An attorney may spend years preparing High Court litigation, consulting with clients, drafting pleadings, briefing counsel, managing strategy and understanding every factual detail of a dispute. Yet, under the challenged provision in the Legal Practice Act, that same attorney could be prevented from standing up in the High Court to argue the matter simply because three years had not yet passed since admission. An advocate admitted on the same day did not face the same statutory waiting period.
This distinction sat at the heart of Ramalepe and Another v Minister of Justice and Constitutional Development and Others, where the Gauteng High Court declared section 25(3)(a) of the Legal Practice Act 28 of 2014 unconstitutional and invalid. The provision required attorneys to practise for a continuous period of at least three years before obtaining a certificate of appearance in the High Court, Supreme Court of Appeal and Constitutional Court.
The declaration of invalidity has been referred to the Constitutional Court for confirmation, which means the High Court judgment is not yet the final word. However, the case has already raised important questions about equality, professional regulation and the continued distinction between attorneys and advocates.
Section 25(3)(a) under scrutiny
Section 25 of the Legal Practice Act deals with the right of legal practitioners and candidate legal practitioners to appear in court. It recognises, in general terms, that legal practitioners may appear on behalf of clients, but it also places specific requirements on attorneys who wish to appear in the superior courts.
The challenged provision required an attorney to have practised for a continuous period of at least three years post admission before being issued with the relevant right of appearance certificate.
This meant that a newly admitted attorney could be fully qualified and entitled to practise but still be barred from appearing in the High Court because the prescribed period had not yet lapsed. A newly admitted advocate, admitted at the same time, was not subject to the same delay.
Constitutional difficulty
The applicants challenged the provision on constitutional grounds, including equality, dignity and the right to choose and practise a profession.

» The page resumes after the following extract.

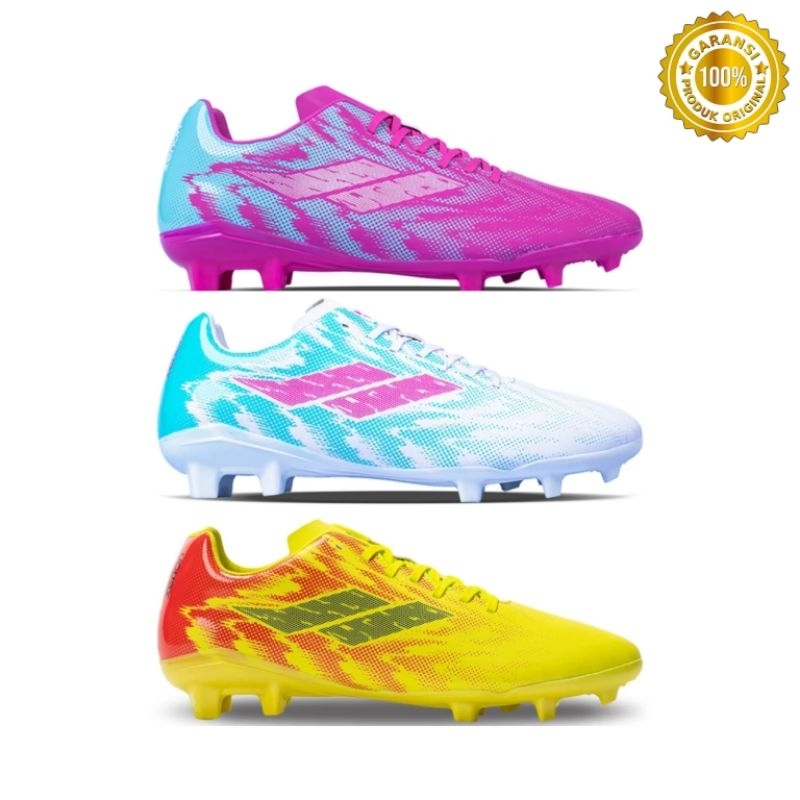 Sepatu Bola Mills Xenon FG Original 100%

The central concern was not whether rights of appearance in the superior courts should be regulated - they should be. The superior courts deal with complex and often high stakes matters and the public has a legitimate interest in ensuring that practitioners who appear before them are properly equipped to do so.
The difficulty was whether the three-year waiting period was a rational and constitutionally permissible way to achieve that objective.

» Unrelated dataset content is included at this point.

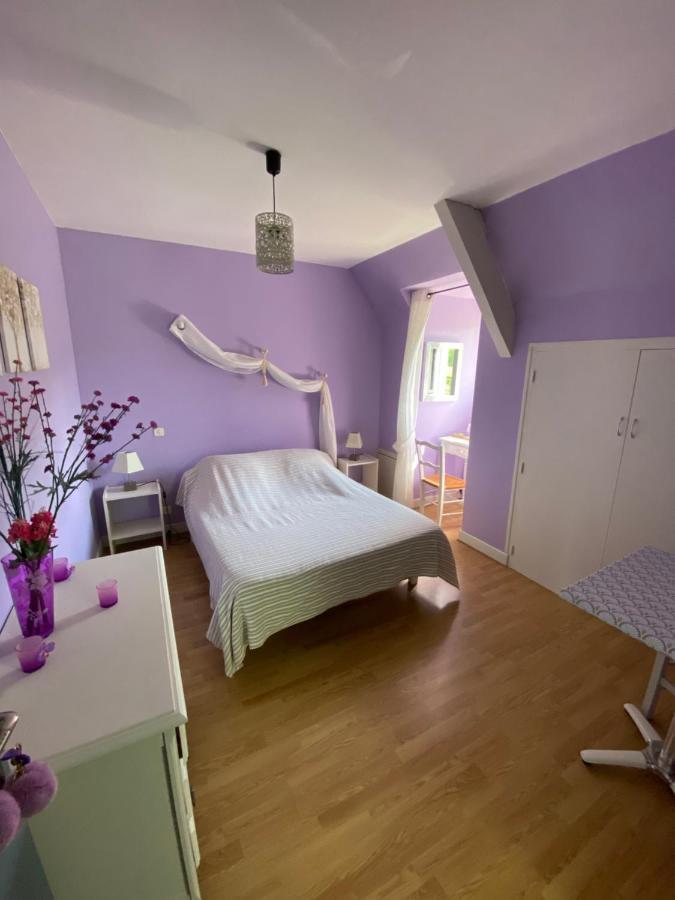 Bed and Breakfast Moulin De Latouille Exteriér fotografie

A time-based requirement may appear objective, but it does not necessarily measure competence. An attorney could spend three years doing work unrelated to High Court litigation and still satisfy the requirement. Conversely, a capable litigation attorney, working under appropriate supervision and with relevant advocacy experience, could be prevented from appearing because the required period had not yet elapsed.
The Court found this distinction to be arbitrary. If the purpose of the provision was to protect the public and the courts by ensuring adequate competence, the rule did not achieve that purpose in a sufficiently direct or rational way.
Measuring ability vs time
The judgment does not suggest that professional standards should be lowered. On the contrary, it points to the need for regulation that is better aligned with its stated purpose.
There is a meaningful difference between a rule that tests whether a practitioner is competent to appear in the superior courts and a rule that assumes competence will arise automatically after a fixed period. The first is directed at professional quality. The second risks becoming a form of gatekeeping.
This is particularly important in a profession that has already undergone substantial statutory reform. The Legal Practice Act introduced a more unified regulatory framework for legal practitioners. However, the practical divide between attorneys and advocates remains significant in areas such as litigation, briefing patterns and courtroom appearance.
The judgment therefore raises a broader question. If different rules apply to different categories of legal practitioners, those differences must be capable of justification. Historical practice, professional custom or inherited assumptions will not be enough.
Practical Implications
For attorneys, the judgment may open the door to a more competence-based approach to superior court appearance rights. Younger practitioners, particularly those in litigation departments, may be able to progress more quickly if the regulatory framework is amended or clarified following Constitutional Court confirmation. For law firms, the case may affect how litigation teams are structured, how junior practitioners are trained, and how clients are advised on representation in superior court matters.
The future of appearance rights
The matter now awaits confirmation by the Constitutional Court. Importantly, the decision does not erase the distinction between attorneys and advocates. Nor does it suggest that all professional distinctions are unconstitutional. It does, however, make clear that where the law differentiates between legal practitioners, that differentiation must be rational, fair and constitutionally defensible.
For the legal profession, the case may become part of a larger conversation about modernising legal practice in a way that serves clients, protects the courts and reflects the constitutional values on which the profession depends.